Still, even a very simplistic Prolog implementation can definitely be very useful, and if you do not need sophisticated constraints, then you may not need a commercial Prolog system. This situation arises for example in parsing, web applications, rule-based systems and other tasks where Prolog can help a lot, and constraints are not primarily needed.
For a use case like sports scheduling and combinatorial tasks in general, I definitely recommend a Prolog system with very strong support of constraints, since what you can do with constraints in this application area by far exceeds the possibilities of "plain" Prolog, both in terms of performance and convenience.
For example, one of the most highly rated Prolog question on Stackoverflow is about a related task involving Tennis match scheduling:
http://stackoverflow.com/questions/4747498/tennis-match-sche...
The posted Prolog solution is quite concise and very efficient, thanks to the built-in constraint solvers that most Prolog systems provide nowadays.
On top of that, there are other competitive factors involved, e.g., in Baltimore, the Orioles and Ravens generally can't be playing mass-attendance games at the same time because they are too close together, and share parking infrastructure. That of course has to be scheduled around.
Beyond that, there's the rather mundane reality that stadiums aren't just used for sports. Even during football season, megastars like Beyonce and the Rolling Stones need venues to play in. And of course, stadiums are loaned / leased out for a panoply of other reasons as well.
I'm not sure how widely known this is, but the actual matchups, not order and dates, are completely deterministic.
Teams play their division twice for six games. They play the other three teams in their conference with the same division standing last season (e.g. division champs will play each other). They play four teams from a rotating division in the other conference. And finally they play the remaining three teams from a rotating division in their conference.

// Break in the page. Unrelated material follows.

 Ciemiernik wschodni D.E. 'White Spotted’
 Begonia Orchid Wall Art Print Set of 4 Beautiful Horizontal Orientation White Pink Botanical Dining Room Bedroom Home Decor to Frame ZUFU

I've always been a football fan but it took me a while to realize the NFL doesn't actually schedule rivalries like Brady/Manning every year, they just happen because those teams consistently win their division.
The workflow would be interesting. Presumably you have some hard and fast rules and then you try to encode bad/good/better rules. Let the computers churn out options. Maybe iterate with some new rules. The start going through the options manually.
I've worked on conference schedules :-) We don't use computers but it usually goes something like heuristics -> coarse optimization -> hand-tuning.
"...The whole process starts upwards of a year in advance when Fifa and Uefa release their match calendars but work starts in earnest in the final months of the previous season..."
http://www.bbc.co.uk/blogs/paulfletcher/2009/06/secrets_of_t...
And also... it's the Jets :)
http://www.footballdb.com/teams/nfl/philadelphia-eagles/team...
The number of pairings between teams that play infrequently will be quite a bit smaller.
“The beauty of the computer is it can do in seconds what it would take us a lifetime,” North said. “But it’s a machine. It will only do what it is told.
Always important to recognize that "the computer" reflects the values and the judgements of its programmers. It's not inherently objective.